Sin que Thaddeus ni los Ángeles Sangrientos lo supieran, un pequeño y aislado fragmento de una especie xenos -los Tiránidos- había aterrizado en el lado oscuro de Gorgona Secundus. Estas formas biológicas, impulsadas por un hambre insaciable, eran parte de un organismo vanguardia, un precursor de las mayores flotas enjambre que algún día barrerían la galaxia. Los Orkos, siempre ansiosos por la batalla, habían chocado violentamente con estas criaturas, su brutal entusiasmo enfrentándose a un enemigo que se adaptaba con velocidad aterradora. Este conflicto había obligado a los Orkos a consolidar sus fuerzas, aumentando sus filas para enfrentar tanto a los Tiránidos como a los recién llegados Astartes.

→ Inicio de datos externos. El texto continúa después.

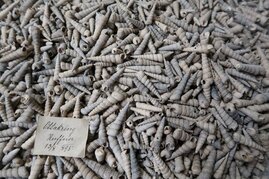 Lade mit hunderten Schalen von Turmschnecken aus Ottakring im Naturhistorischen Museum Wien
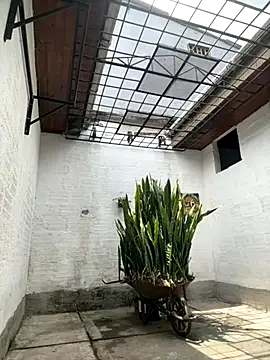 oliver price1 online show from October 2025 04:04:01 PM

(Ajustado para la era de 30k: En esta época, los Tiránidos aún no son conocidos por el Imperio. Este encuentro representa una incursión temprana y aislada de organismos vanguardia, una amenaza xenos misteriosa en lugar del peligro galáctico que serían en milenios posteriores.)

Atrapados entre estas dos amenazas, los Orkos vieron a los Ángeles Sangrientos como otro enemigo a aplastar. Este cambio de enfoque permitió que la presencia Tiránida creciera, aunque ni Thaddeus ni Azkaellon eran conscientes de la verdadera naturaleza de los xenos que acechaban en las sombras -un enigma que desafiaba los registros emergentes del Imperio sobre los peligros galácticos. La noche prometía una tormenta de violencia, con los Ángeles Sangrientos atrapados sin saberlo entre el yunque de la ferocidad Orka y el martillo de una amenaza alienígena aún sin nombre.

Al amanecer, los Orkos se retiraron en un movimiento que desafiaba su naturaleza -una rareza en los anales de la Gran Cruzada. Azkaellon ordenó avanzar a los exploradores, su voz grave con el peso del mando. -Esta guerra se vuelve más extraña. Prepárense para lo que viene. Thaddeus, exhausto pero invicto, se quitó el casco, el Nodo Catalepseano -una maravilla de la biología Astartes- concediéndole descanso en fragmentos. De pie entre sus hermanos, enfrentó el horizonte, listo para la tormenta que se avecinaba, su resolución tan firme como la armadura carmesí que lo cubría.